The Jewish historian Flavius Josephus refers to several groups of anti-Roman fighters:
- The Sicarians, a mixed group that was important in the years after the death of king Herod the Great, and continued to fight until after the fall of Jerusalem (a/o Masada and Egypt); they consisted of Jews and non-Jewsnote[Josephus, Jewish Antiquities, 2.434.] and were not active during the siege of Jerusalem
- A group led by Eleazar, commander of the temple guard
- A group led by Eleazar, son of Simon, who is called "zealous"
- The nationalist group of John of Gischala
- The messianic group of Simon bar Giora
The last-mentioned groups were present in Jerusalem, prevented its inhabitants from opening the gates for the Romans, and appointed a new high priest. Josephus calls them Zealots, "fanatics". It is not completely clear whether this has something to do with the zeal of Eleazar son of Simon. This lack of clarity must reflect the confused circumstances of those days.

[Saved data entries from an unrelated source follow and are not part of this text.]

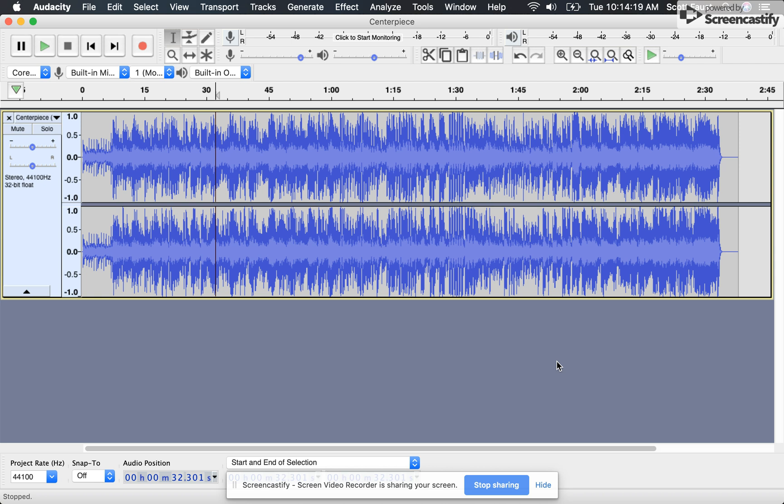This is just a quick little tutorial for those of you who have a Mac computer and you're using Audacity and the sound sounds like garbage coming out of your speakers.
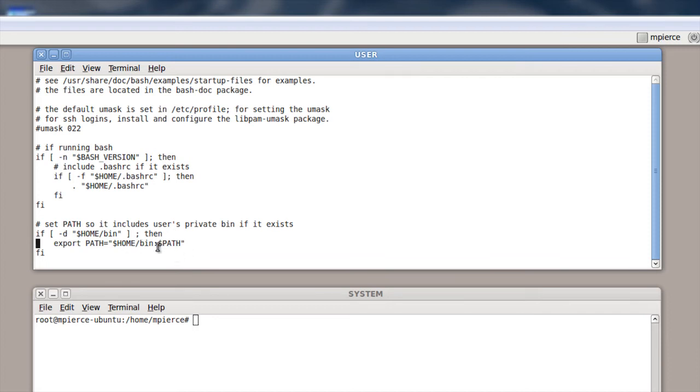You can put that afterwards and look at the system first too, depending upon what you want. But that's how you do it with that file.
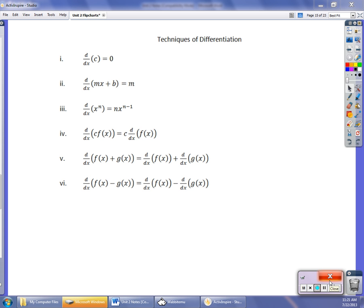We're going to explore some more techniques of finding derivatives today. In this first section, I'm going to formalize some of the things we talked about in our last video in terms of our power rule and polynomial functions and constants and all that stuff.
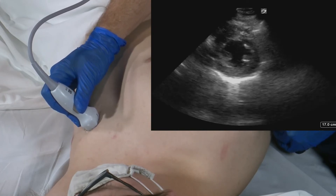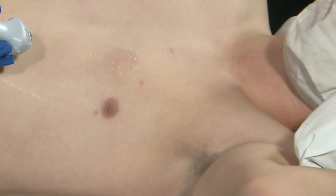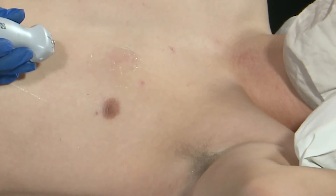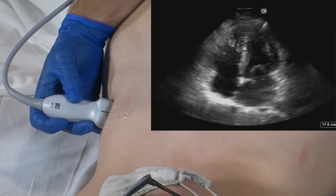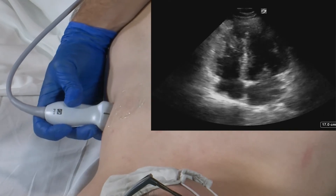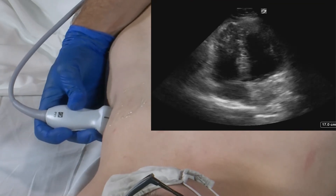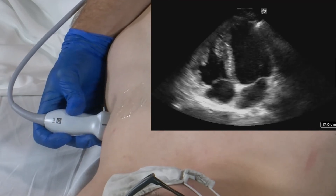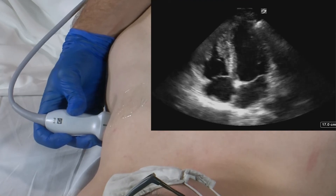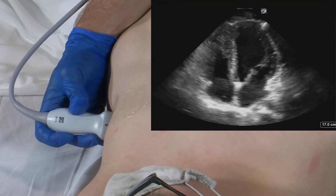Once we're satisfied with our parasternal short axis views, we're going to move to our apical four chamber view. Our apical four chamber view will be obtained by placing the transducer inferior and medial to the nipple, with the marker dot pointed towards the patient's left flank. The probe is actually going to be directed towards the contralateral scapula, and we'll want to move the tail of the probe so that the septum is standing straight up and down. In this window, we are going to identify our left ventricle, left atrium, right ventricle, right atrium, and our mitral and tricuspid valves.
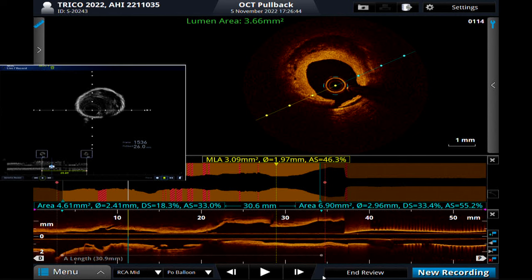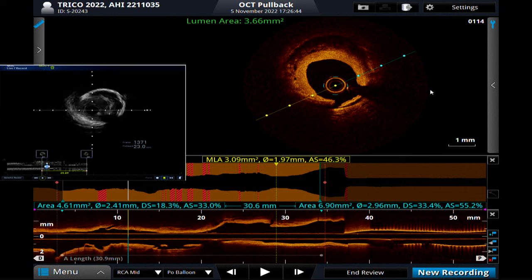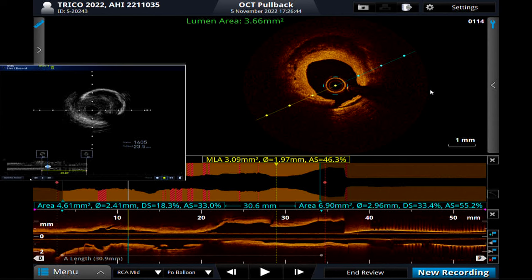These OCT findings on the right side are very interesting. The intimal side shows high signal, homogeneous. The bottom is lower signal — not as sharp. This could be intraplaque hemorrhage. We can also identify some tiny holes.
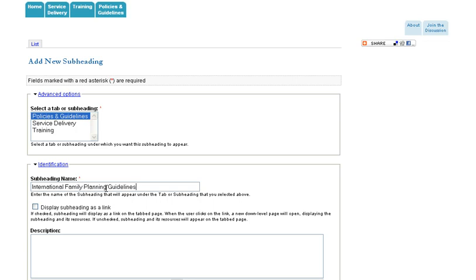You have the choice to make your subheading display as a link or not. If checked, the subheading will display as a link on the tabbed page. When the user clicks on the link, a new down-level page will open, displaying the subheading and its resources. If unchecked, the subheading and its resources will appear on the tabbed page.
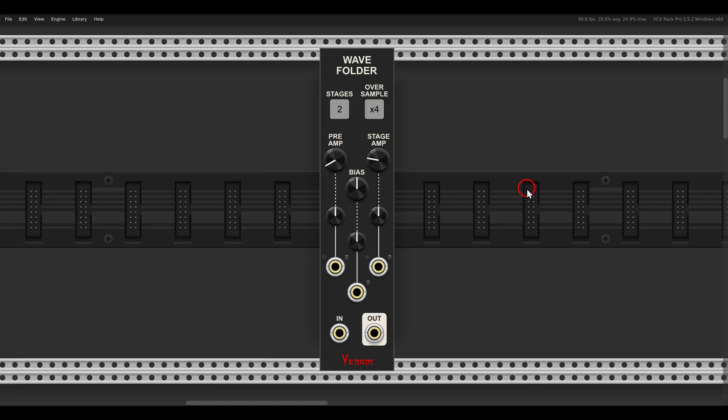Today I want to show you a few techniques you can try with the new WAVE Folder from Venom. Many of these techniques can work also with other WAVE Folders, also in hardware.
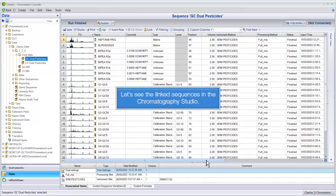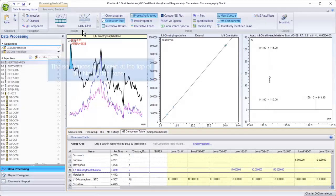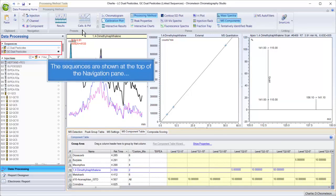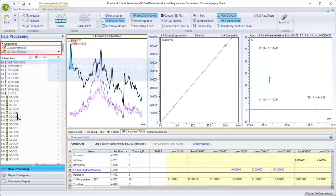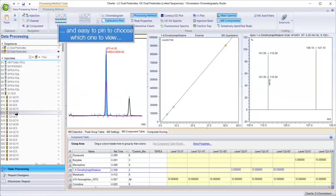Let's see the linked sequences in the chromatography studio. The sequences are shown at the top of the navigation pane and easy to pin to choose which one to view.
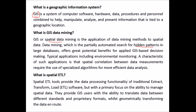Spatial ETL tools provide the data processing functionality of traditional extract, transform, load (ETL) software, but with a primary focus on the ability to manage spatial data. They provide GIS users with the ability to translate data between different standards and proprietary formats whilst geometrically transforming the data in the process.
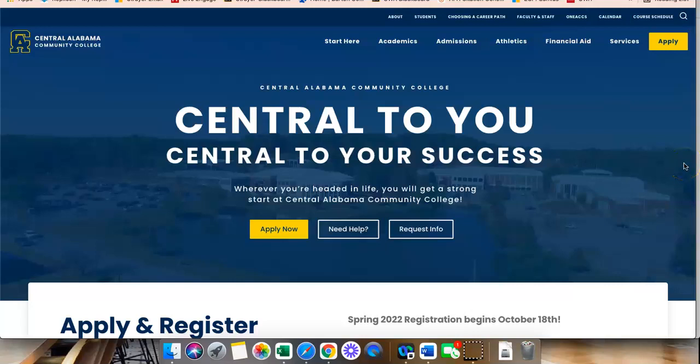CAC students, starting Spring 2022 semester, we will no longer be using Moodle as our Learning Management System. CAC is converting to Blackboard Ultra as the Learning Management System.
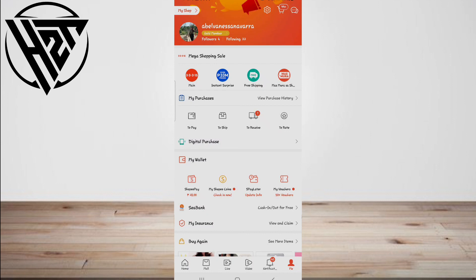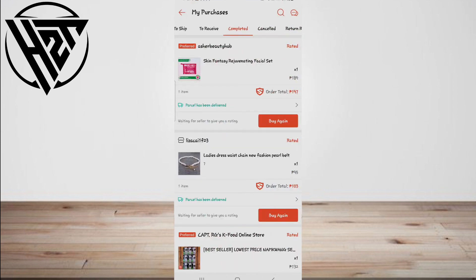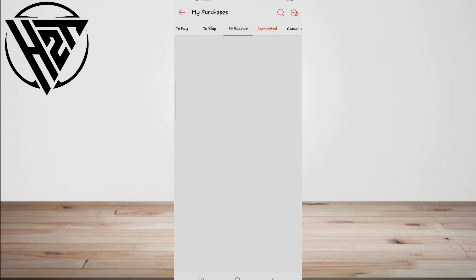In the upper right corner of the screen, select 'Returns and Orders' or 'View Purchase History.' You'll find the list of items you've ordered in the last three months here. After you've located the order you want to hide or remove, click 'View Order Details.'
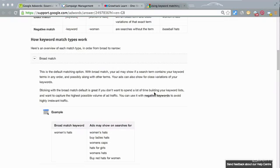by default these are set to broad. So broad match basically means the keywords that you're bidding on, if they appear anywhere within a search term, then your ad will show.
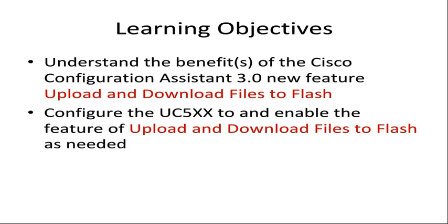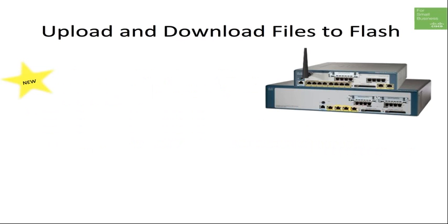Additionally, we will demonstrate how you can use the Cisco Configuration Assistant 3.0 to upload and download files to the Unified Communications 500 series flash as needed. Keep in mind that this feature is available in the Cisco Unified Communications 500 series when using the new Cisco Configuration Assistant 3.0.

Josephus' view - essentially blaming social bandits for the fall of Jerusalem and presenting the Jewish nation as innocent - has given rise to the popular concept of Zealotism as a permanent religious resistance against Rome. This, however, confuses the Zealots (documented in 66-70 only) with the Sicarians. Moreover, Josephus fails to document a continuity of resistance: he cannot mention examples of resistance in the period between 4 CE and 36 CE. That this was in fact a peaceful period, is confirmed by Tacitus (sub Tiberio quiesnote[Tacitus, Histories, 5.9.]).